━━━ Data shown ━━━

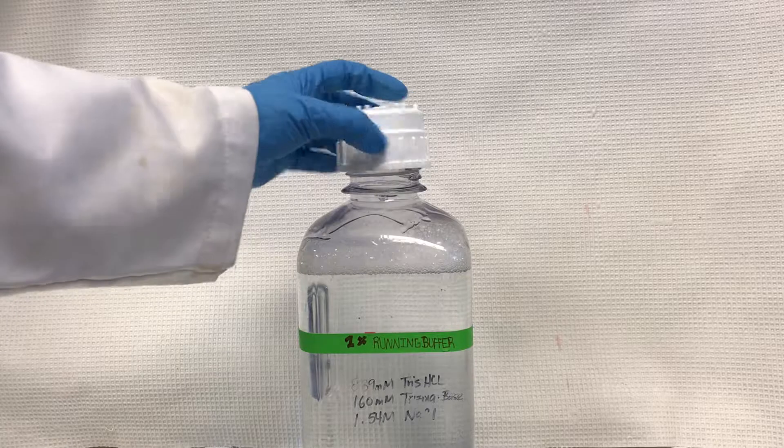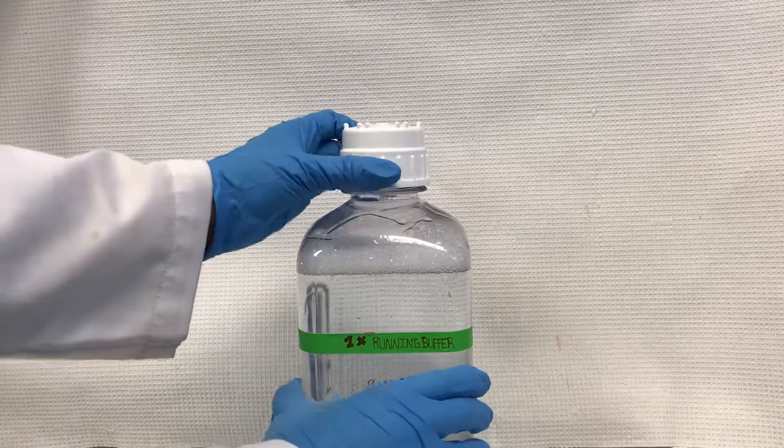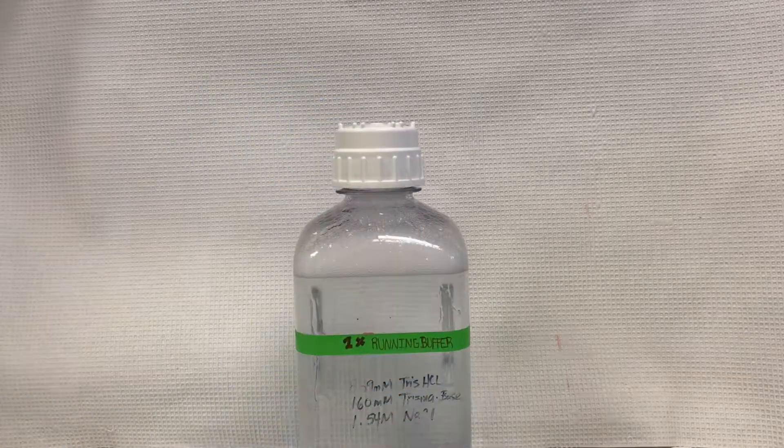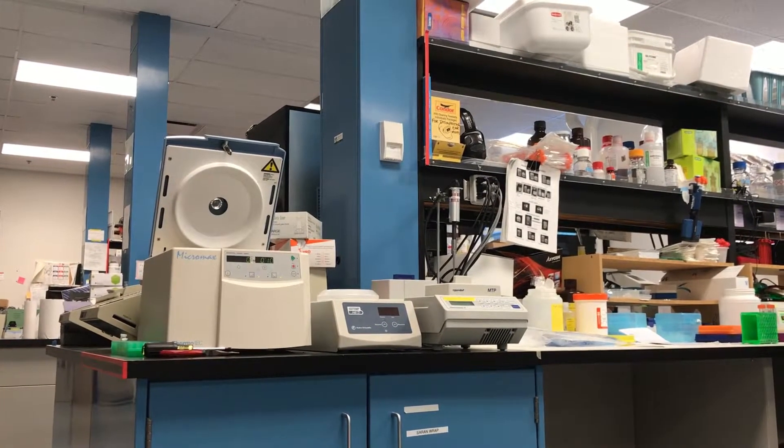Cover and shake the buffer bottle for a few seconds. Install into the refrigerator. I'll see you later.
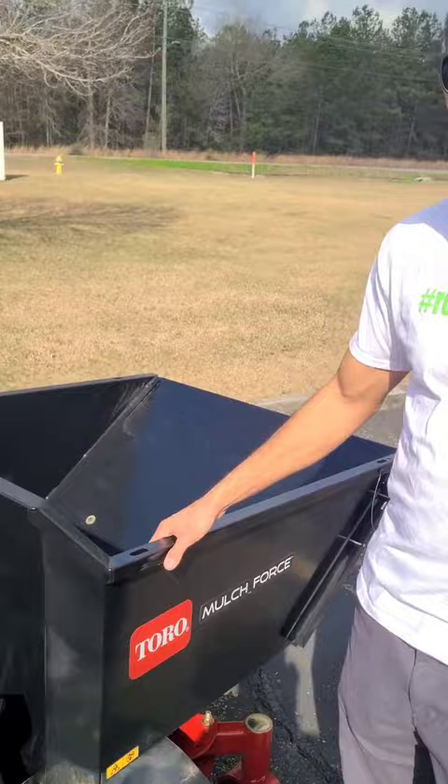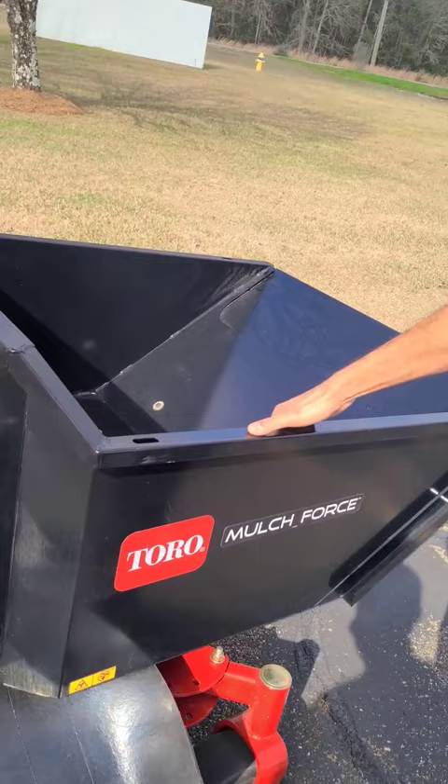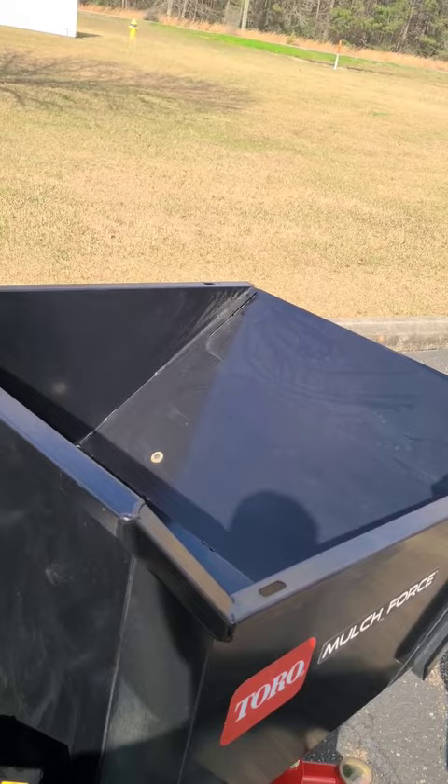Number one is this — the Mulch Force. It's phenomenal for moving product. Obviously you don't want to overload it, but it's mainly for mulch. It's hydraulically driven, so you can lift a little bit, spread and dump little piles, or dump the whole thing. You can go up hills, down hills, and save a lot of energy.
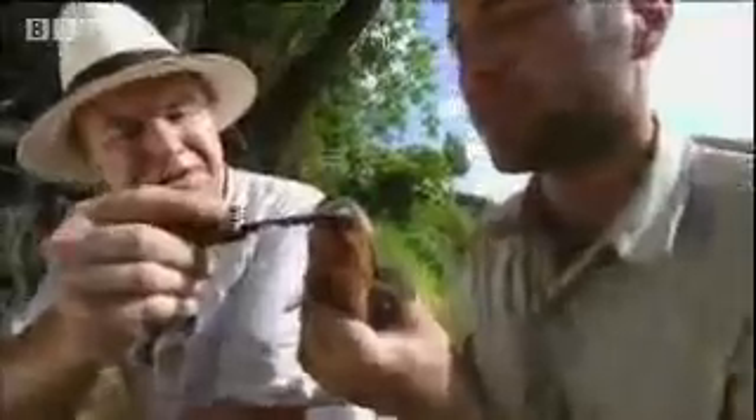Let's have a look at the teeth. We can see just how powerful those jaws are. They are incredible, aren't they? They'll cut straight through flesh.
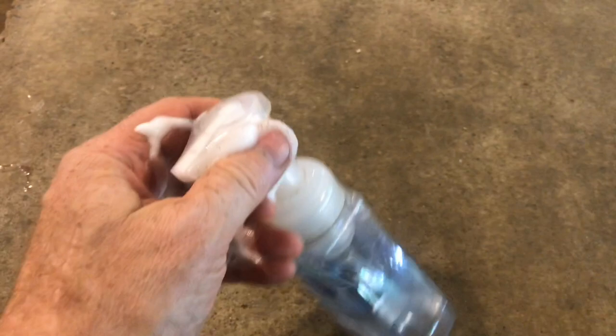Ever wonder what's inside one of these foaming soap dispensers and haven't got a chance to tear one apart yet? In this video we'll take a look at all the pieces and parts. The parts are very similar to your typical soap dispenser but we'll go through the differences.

━━━
━━━ Data shown ━━━

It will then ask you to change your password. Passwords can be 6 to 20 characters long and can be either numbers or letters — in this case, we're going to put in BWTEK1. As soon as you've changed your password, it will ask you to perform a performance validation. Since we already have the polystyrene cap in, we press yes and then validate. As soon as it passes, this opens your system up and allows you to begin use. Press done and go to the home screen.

━━━
━━━ Data shown ━━━

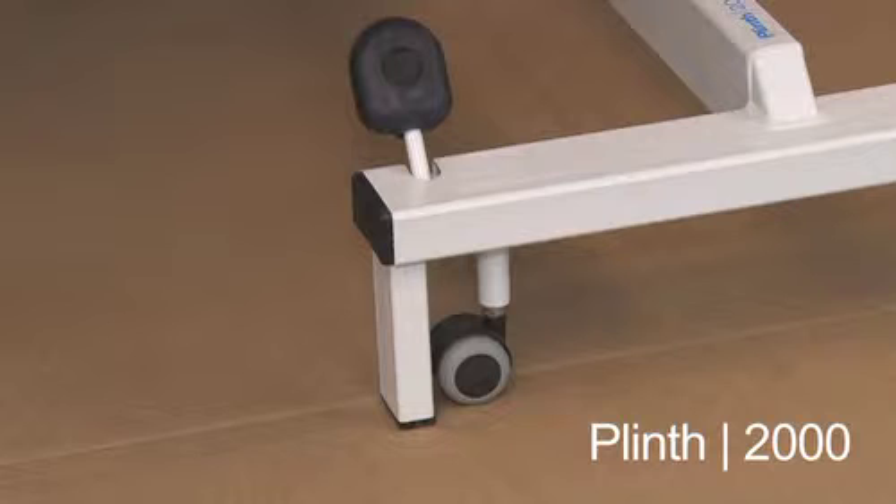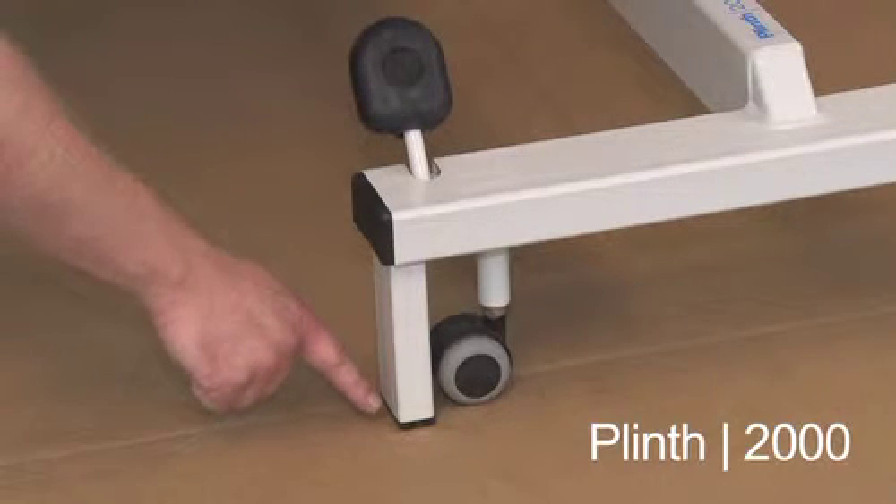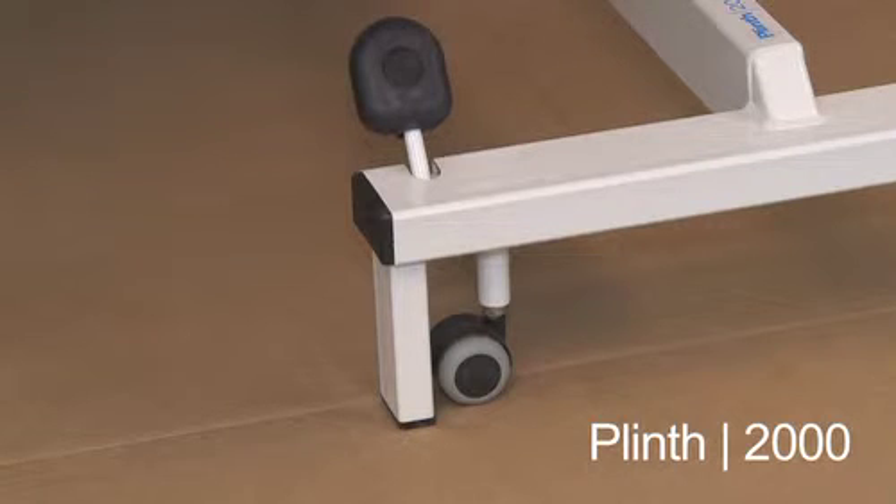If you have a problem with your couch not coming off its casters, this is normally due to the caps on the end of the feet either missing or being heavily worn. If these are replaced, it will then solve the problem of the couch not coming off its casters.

━━━

- Your instructions
Everything above from the line containing "Number one is" through the line containing "Ever wonder what's" must be repeated exactly, and the pictures must be left out.

- Task solution
Number one is this — the Mulch Force. It's phenomenal for moving product. Obviously you don't want to overload it, but it's mainly for mulch. It's hydraulically driven, so you can lift a little bit, spread and dump little piles, or dump the whole thing. You can go up hills, down hills, and save a lot of energy.
Let's have a look at the teeth. We can see just how powerful those jaws are. They are incredible, aren't they? They'll cut straight through flesh.
Ever wonder what's inside one of these foaming soap dispensers and haven't got a chance to tear one apart yet? In this video we'll take a look at all the pieces and parts. The parts are very similar to your typical soap dispenser but we'll go through the differences.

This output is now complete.